The complaint against Judge Edith Jones for her death penalty speech

As someone who once prosecuted Nebraska’s Attorney General in an impeachment case based upon alleged ethical violations, and as a judge who spent six years writing opinions regarding the Code of Conduct for United States Judges, I was interested in the complaint filed against Edith Jones, a judge (and former chief  judge) of the Fifth Circuit.   That complaint has generated a lot of publicity.

I spent a little time today examining the complaint and the four affidavits that were reproduced on a newspaper’s website.  Part of the complaint deals with the content of what the judge allegedly said during a speech to the Federalist Society at the University of Pennsylvania Law School.  The speech dealt with the death penalty.

Evidently, there is no recording of the judge’s speech.   There are, however, affidavits of four attendees–a lawyer with a death penalty group, and three other audience members.   You can’t clearly determine if the other audience members were all law students, but that appears to be the case.  The affidavits of the other audience members were redacted in the published versions of the affidavits.

While its only my opinion, even if one takes the facts stated in the affidavits as generally true, the content of Judge Jones’ remarks at the law school seem to me to be a very weak basis for claiming that she violated the Code of Conduct.* Indeed, I find it more than a little frightening that a serious but plainspoken and outspoken judge like Jones can be forced to defend herself for the content of a law school speech on the death penalty that offended some of the audience members.**


*The rambling complaint does an extremely poor job of tracking the affidavits.  That is, the complaint appears to grossly overstate the specific facts recounted in the affidavits.

**To be clear, I have met Judge Jones once in my life and that was about ten years ago at a conference with other judges.  I don’t think Judge Jones would know me from a hot rock.  Furthermore, I have agreed with some of her judicial opinions, and I have disagreed with others.

7 responses

  1. I cannot speak for Judge Jones but I suspect most of us could distinguish between a hot rock and a hot rockstar federal judge fom Nebraska:)

  2. Pingback: I bet Judge Jones has an ugly truck « Hercules and the umpire.
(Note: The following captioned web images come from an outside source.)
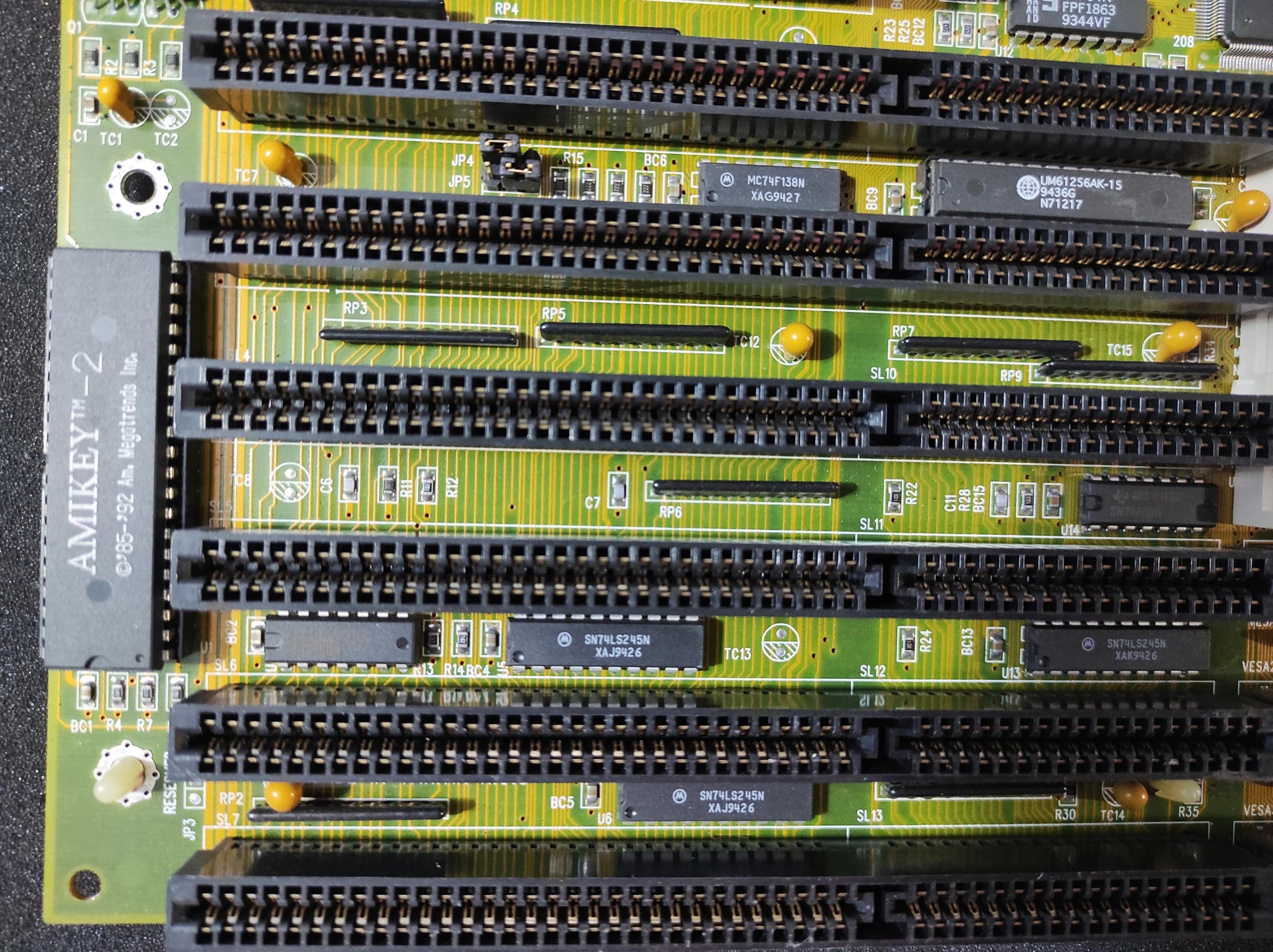 MiTAC Socket 2 486 AT ISA VLB Vintage Retro Motherboard SiS 85C471/407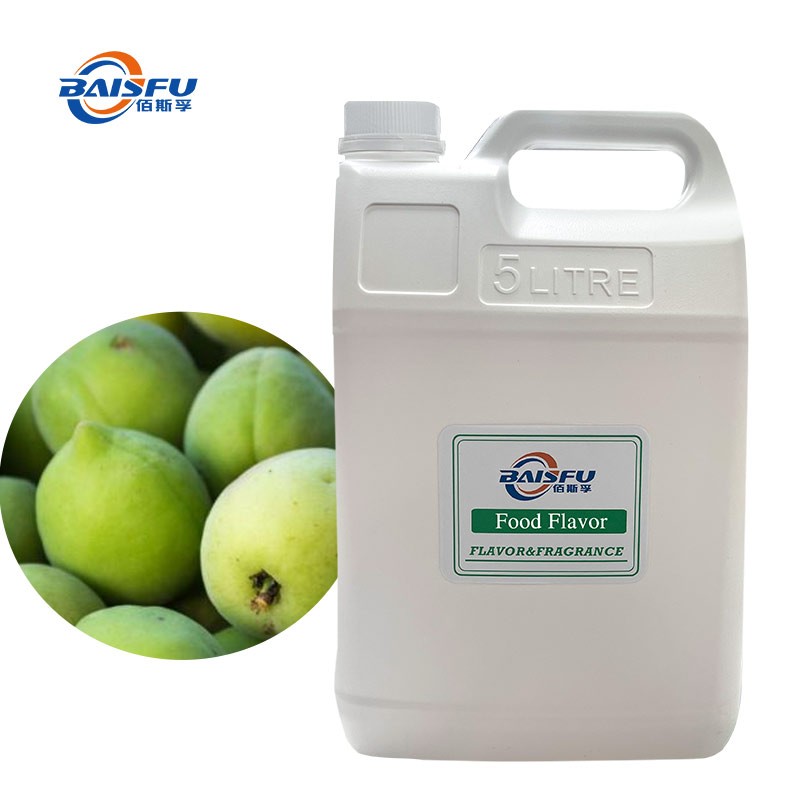 Sweet and Sour Plum Essence Food Grade Natural Flavor Enhancer Gives Fragrance Long Resistance to High Temperature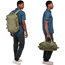 Duffel-laukku Thule Chasm 30L Duffel Olivine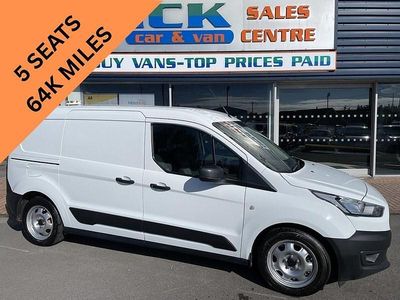 Used Ford Transit S 2021 White Van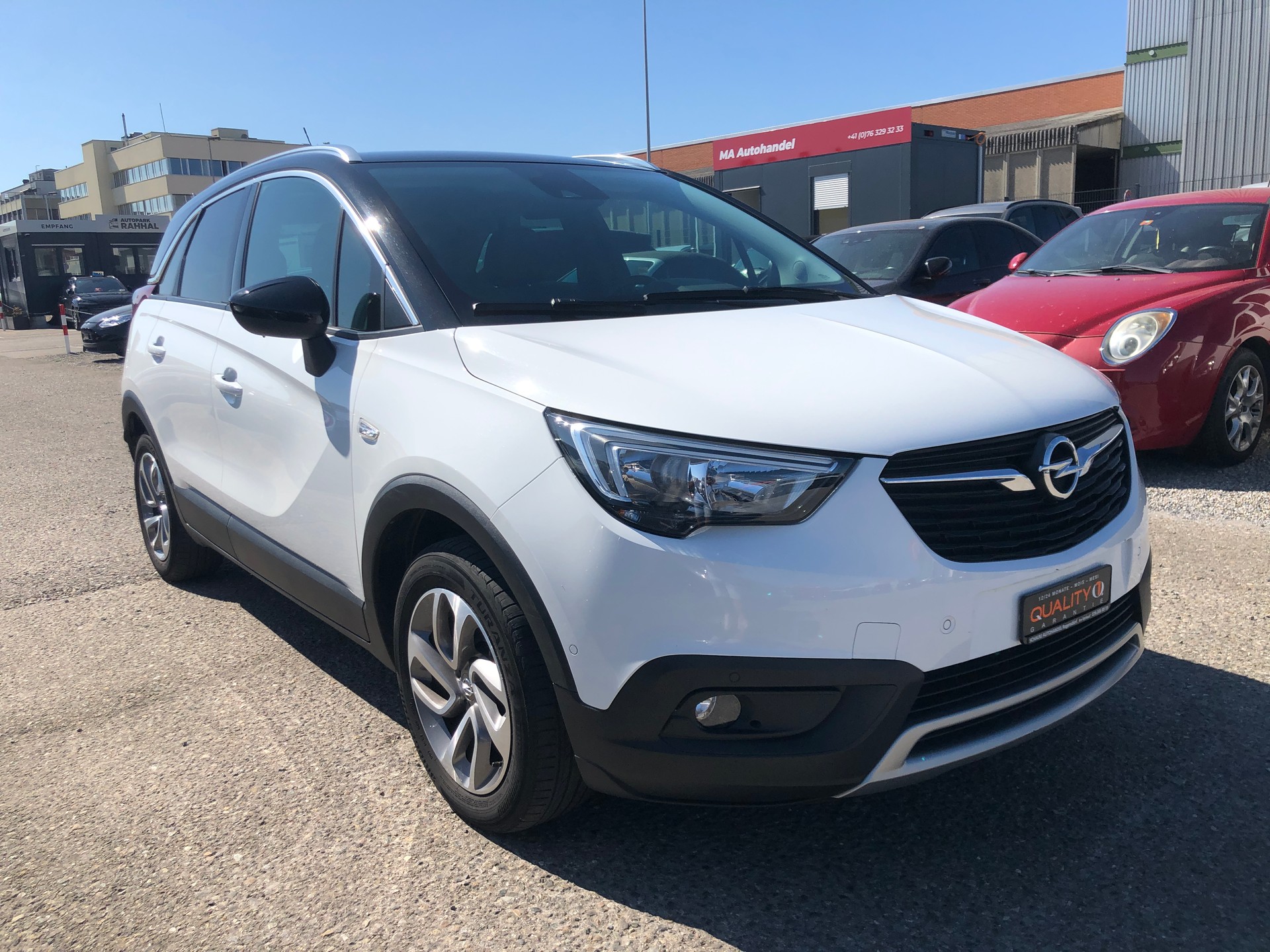 OPEL Crossland X 1.2i TP Excellence-image-2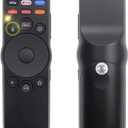 Replacement Compatible with VIZIO-Smart-TV-Remote - XRT270 Voice Control Compatible with Vizio FHD 4K Quantum D/P/M/V-Series Smart TV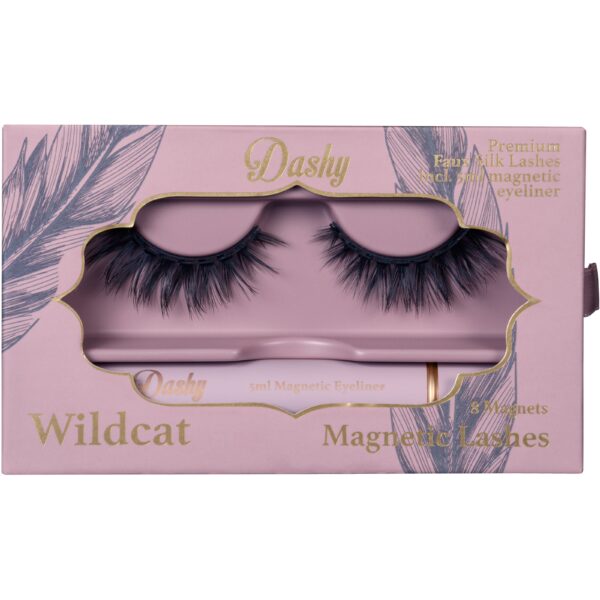 Dashy Faux Lash Magnetic Lashes Wildcat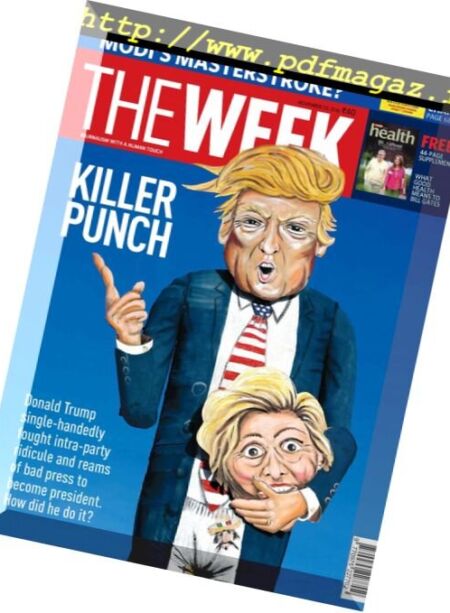 The Week India – 20 November 2016 Cover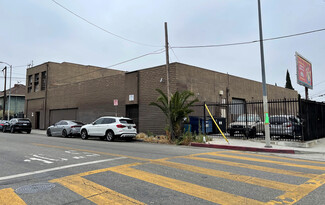 Plus de détails pour 3610-3612 Maple Ave, Los Angeles, CA - Industriel/Logistique à vendre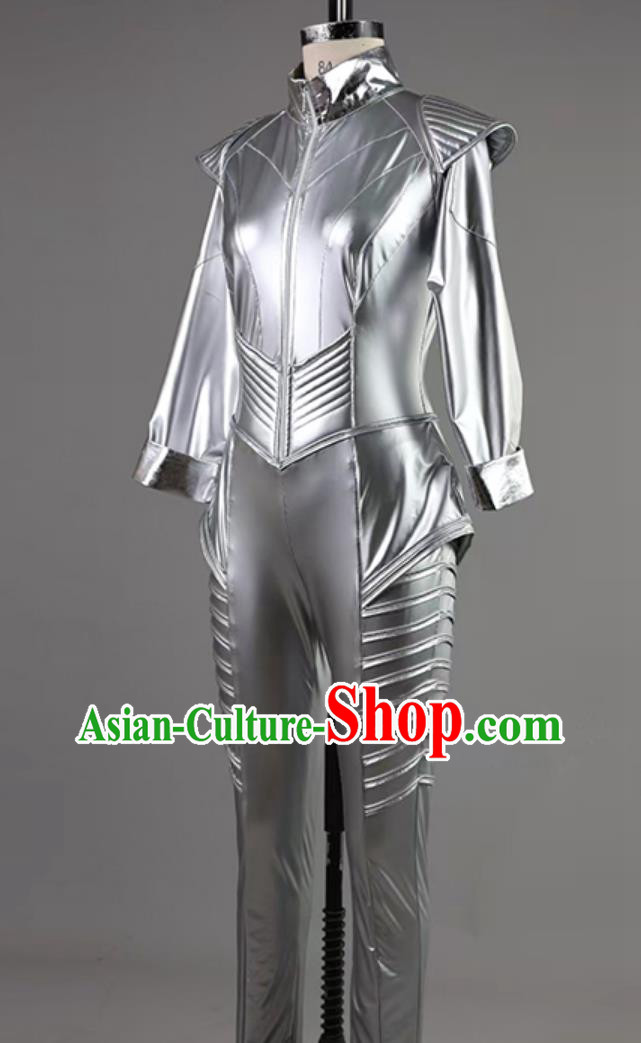 Modern Dance Space Fantasy Sci Fi Dance Costume Jazz Dance Performance Costume Modern Dance Space Fantasy Sci Fi Dance Costume Jazz Dance Performance Costume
  3. If I was a black inmate looking at being sentenced in federal court by Judge Jones, the comments attributed to her would certainly make me wonder if the sentence that she was going to give me was because of my actions or because of her belief that my race is prone to violent acts.

  4. Dear Mr. Sparks,

    I get your point. I wonder, however, whether that ought to be used as grist for an ethics complaint, particularly when the complaint itself may not accurately represent the facts as stated in the affidavits.

    All the best.


  5. Ethics rules require that judges not present themselves in a way that would lead the public to believe they are biased. You, my friend, are seeing the actions of Judge Edith Jones through your conservatively tinted glasses. If the allegations in the affidavits are correct, Judge Jones stated explicitly that she does not believe in the validity of legal defenses that are currently available to defendants under the law. What then is the likelihood that she would be willing to apply the law equitably regarding those defenses? What’s more, she seemed to suggest that blacks and hispanics commit more violent crime by virtue of their race. She seems unable or unwilling to comprehend or consider whether other factors, such as a higher incidence of poverty, contributes to the higher incidences of crime by minorities. Finally, she talked about cases that she had heard that were on appeal, that could very well end up before her again. That is specifically prohibited under the Judicial Code of Conduct. This woman is an abhorrent racist, bigot and misogynist. She needs her bigotted backside kicked off the bench.

  6. JC,

    I think we will have to agree to disagree on this one. On one point, I think I will take issue with you. Please don’t confuse being a skeptic with being a conservative. While they are frequently the same thing, they are not always the same thing.

    All the best.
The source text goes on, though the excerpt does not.